Our new boss started work today and if you're interested in what NPR CEO and President Gary Knell is thinking as he settles into the job:
-- He was on Talk of the Nation this afternoon, and took questions from callers. We hit some of the highlights in updates below, and we're embedding a copy of the audio in this post.
(Our apologies if you're on a device that doesn't show our audio player. To find a station that streams the show, click here.)
Update at 2:30 p.m. ET: On the controversies that cost his predecessor her job (see below for a recap on them), Gary said he "can't really comment on those. ... I wasn't here and don't really know the facts." And, he added, "it's time for NPR to turn the page and move forward."
Update at 2:15 p.m.

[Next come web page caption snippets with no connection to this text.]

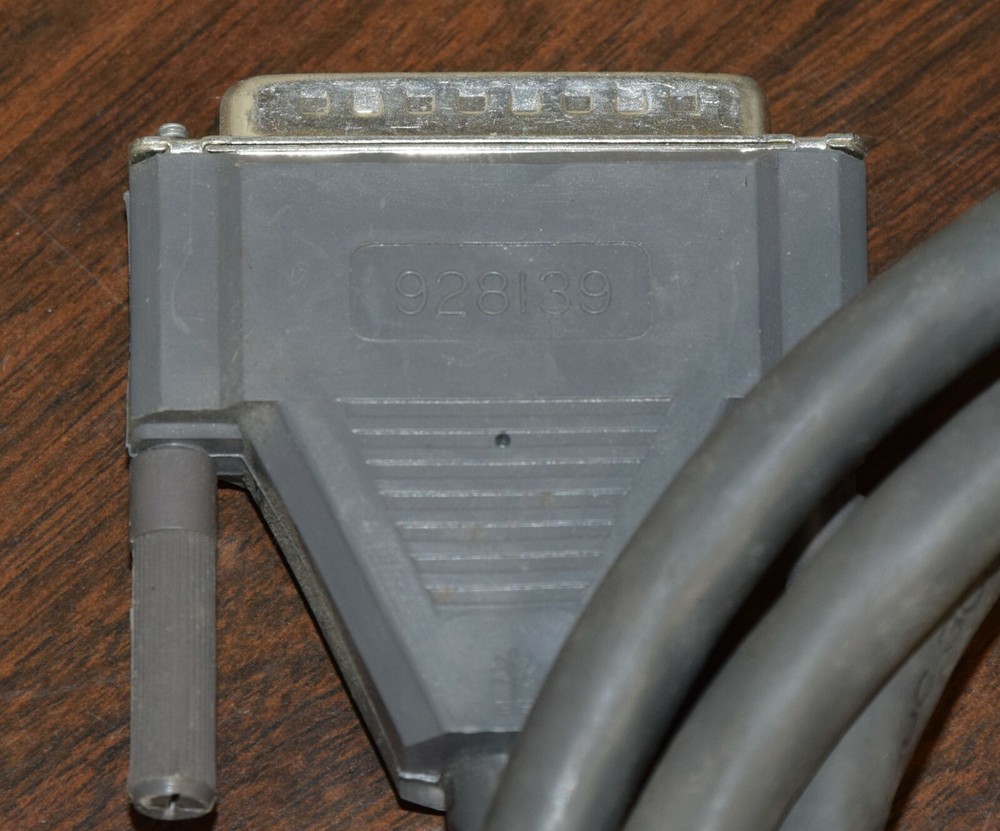 Beckman Computer Data Cable 928139 6FT Long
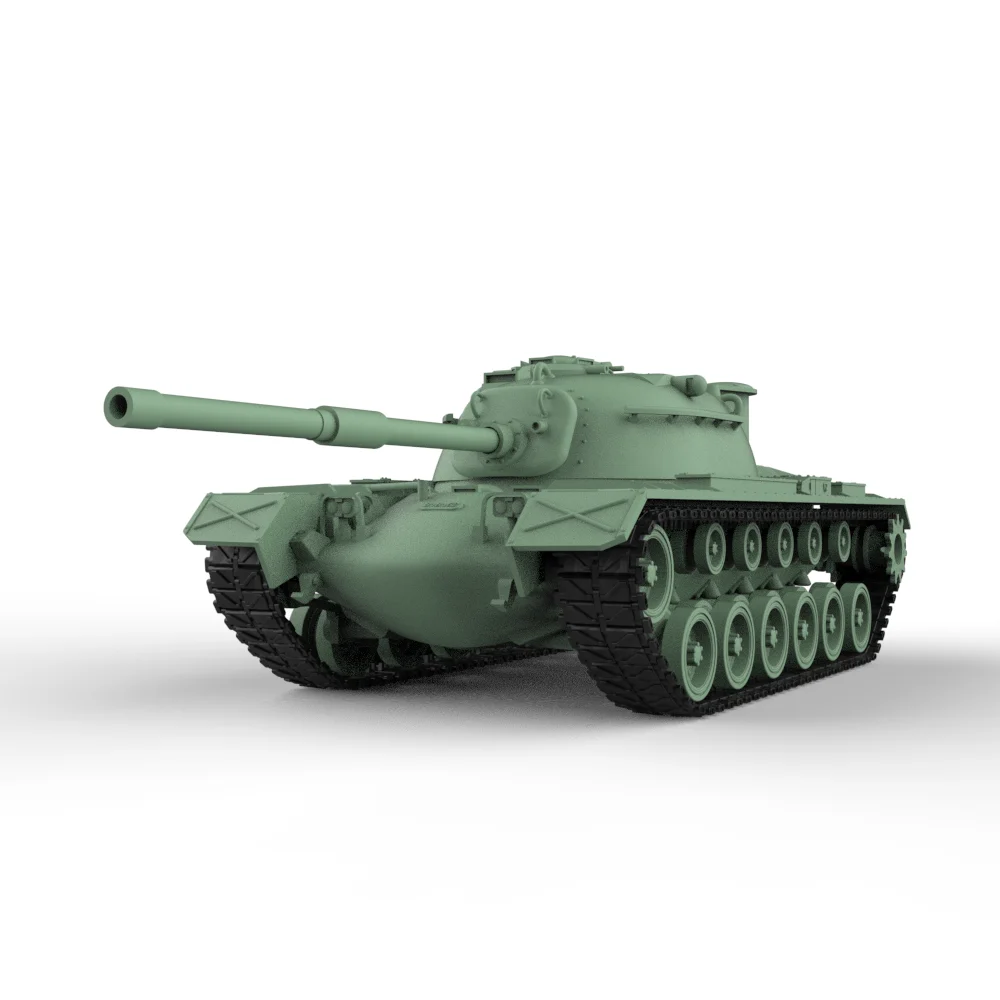 SSMODEL SS896 1/72 1/144 25 mm Militärmodellbausatz US M48 PATTON mittlerer Panzer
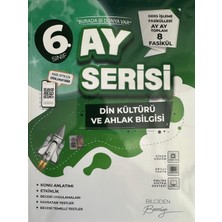 6. Sınıf Ay Serisi Din Kültürü ve Ahlak Bilgisi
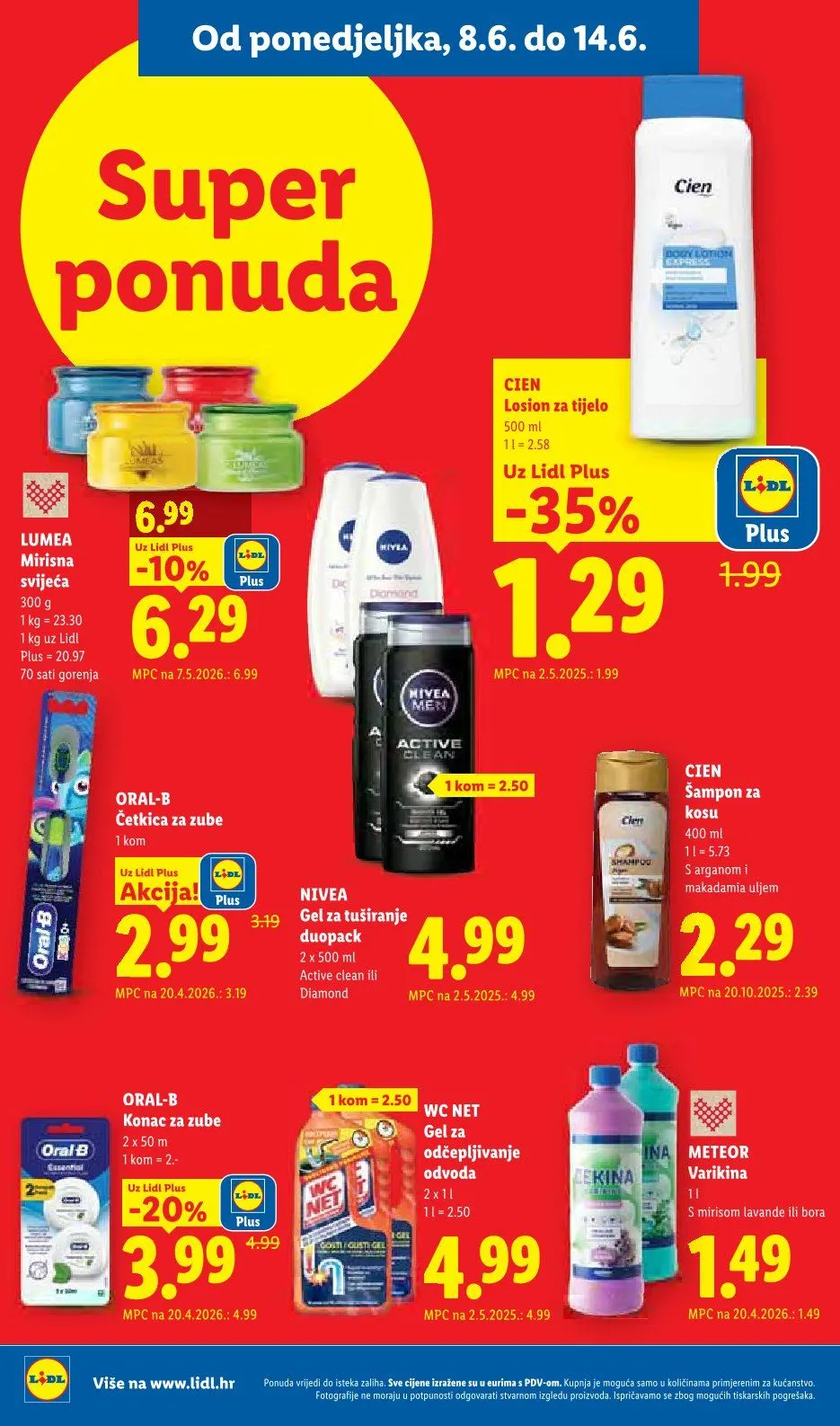 Katalog  LIDL od 8. lipnja do 14. lipnja 2026. - Pregled Stranica 24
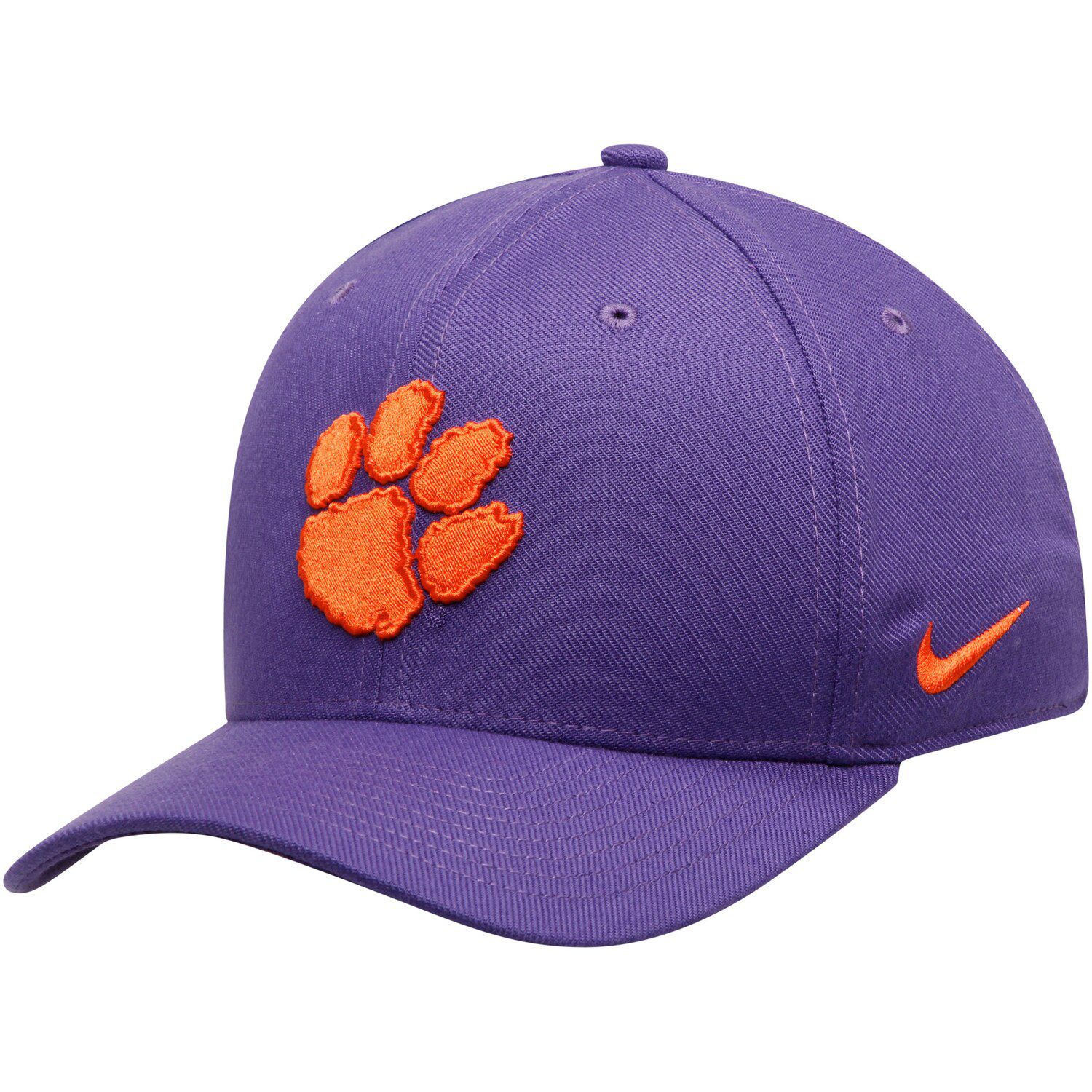 clemson nike dri fit hat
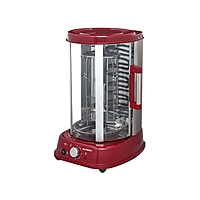 Вертикальная печь-гриль Oursson VR1522/DC, 1500 Вт, 21 л, таймер, тёмная вишня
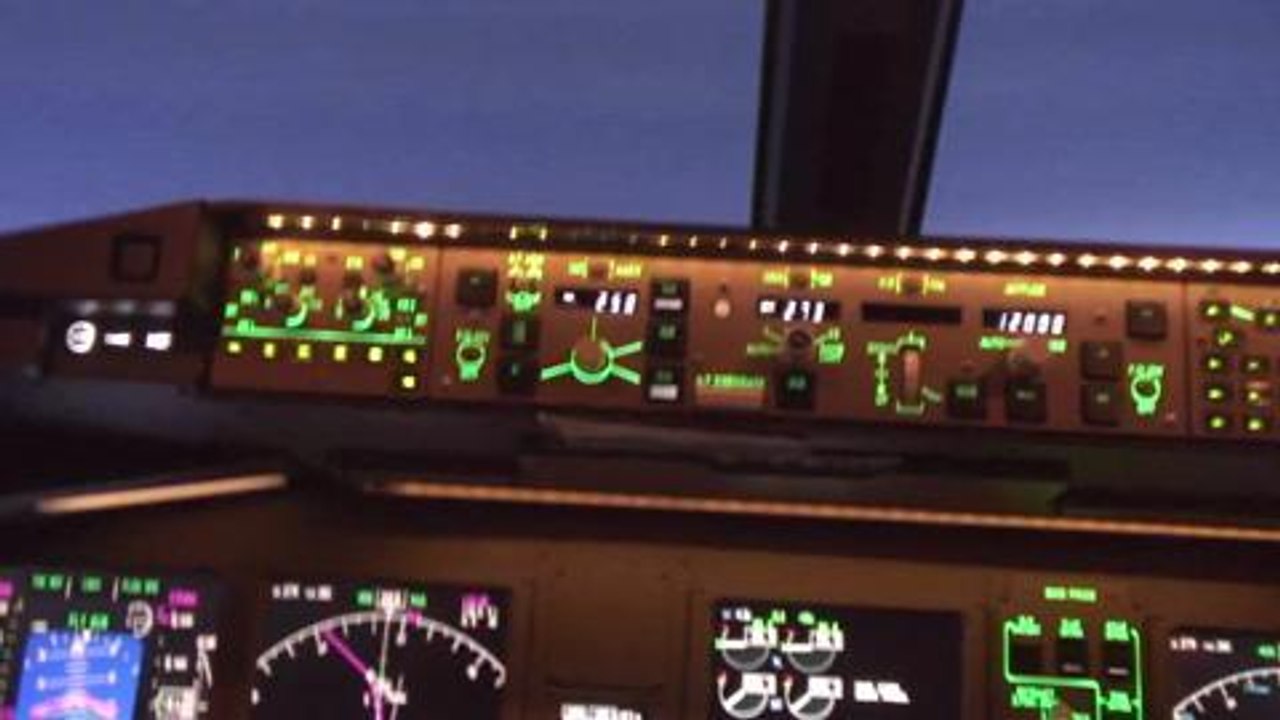 Simulateur de vol Boeing 777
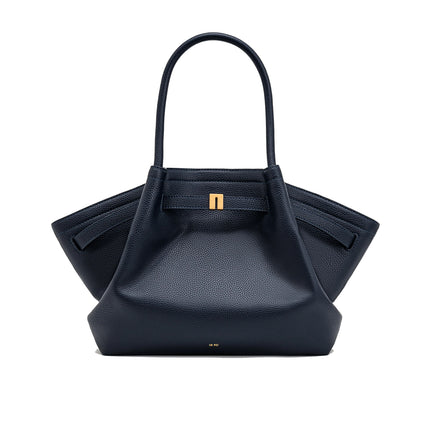 JW PEI Women's Hana Medium Tote Bag Navy Blue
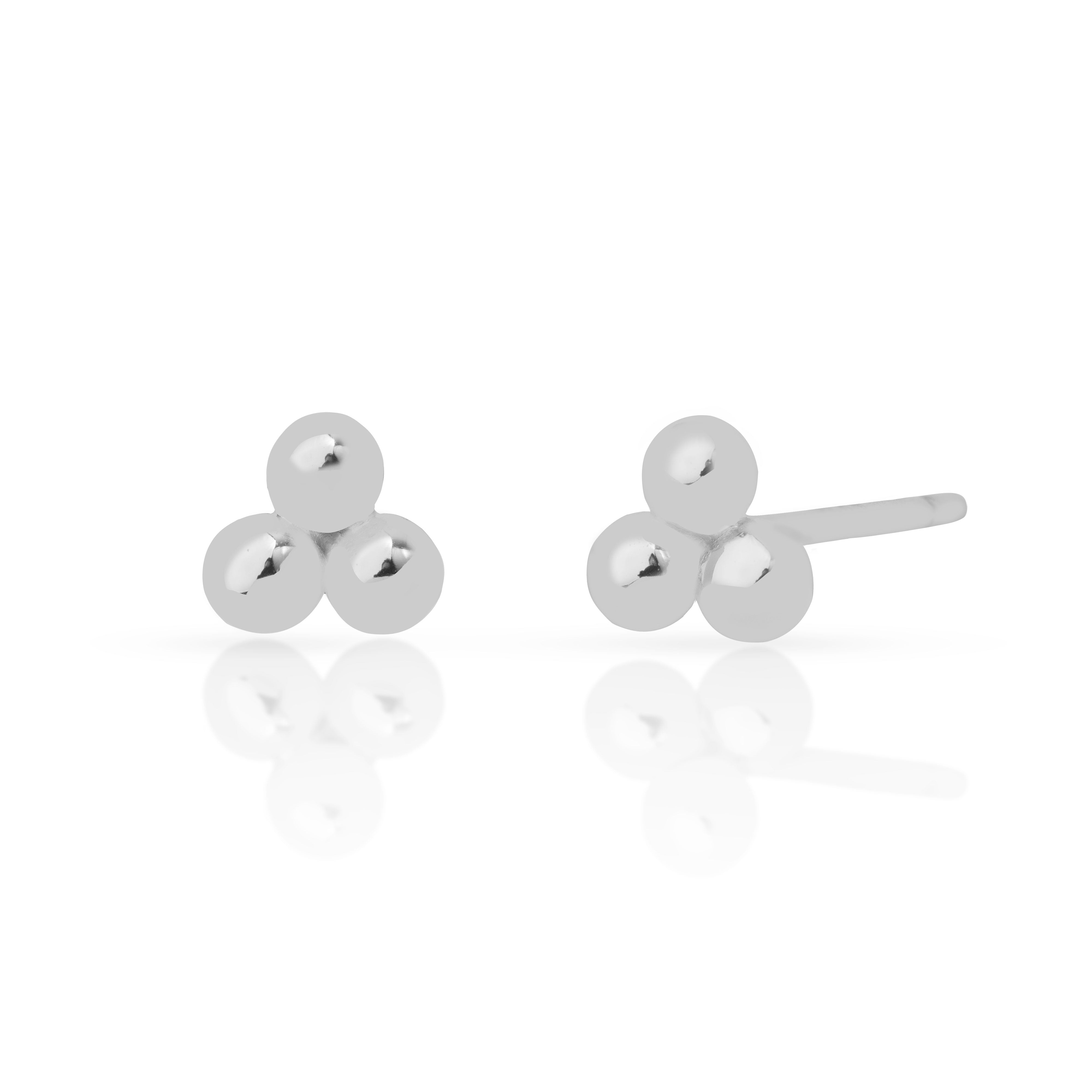 Tivara three bubble stud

ET: He'll work to make sure NPR is on a "sustainable economic plan," Gary just told Talk of the Nation host Neal Conan, and he sees federal funding as "an important leg of that stool." He likened public broadcasting to museums, libraries and other organizations that get government support because they're "important to our culture." But, he added, "I'm not going to count on anything," including continued federal funding, and won't "take anything for granted."
Update at 2:05 p.m. ET: The show's begun. There's an audio link at the top of this post now. Just click on "LISTEN: Gary Knell on Talk of the Nation."
Our original post continues below.
-- There's a post written by Gary on the This Is NPR blog. "This organization has a profound impact on our world every single day," he writes. "I'm humbled to now be able to say 'we' when I talk about all that NPR has done and will continue to do. ... The media environment is increasingly crowded, chaotic and complex. What people need is not just more information, but an ally to help them make sense of it all."
-- At 3 p.m. ET, Gary's due to have a "tweet chat." He's @nprgaryknell, and questions can be tagged #nprceo.
If you need background on Gary and the changes at NPR over the past year:
Vivian Schiller resigned as CEO and president last March after two high-profile controversies led the board of directors to conclude that she could no longer effectively lead NPR.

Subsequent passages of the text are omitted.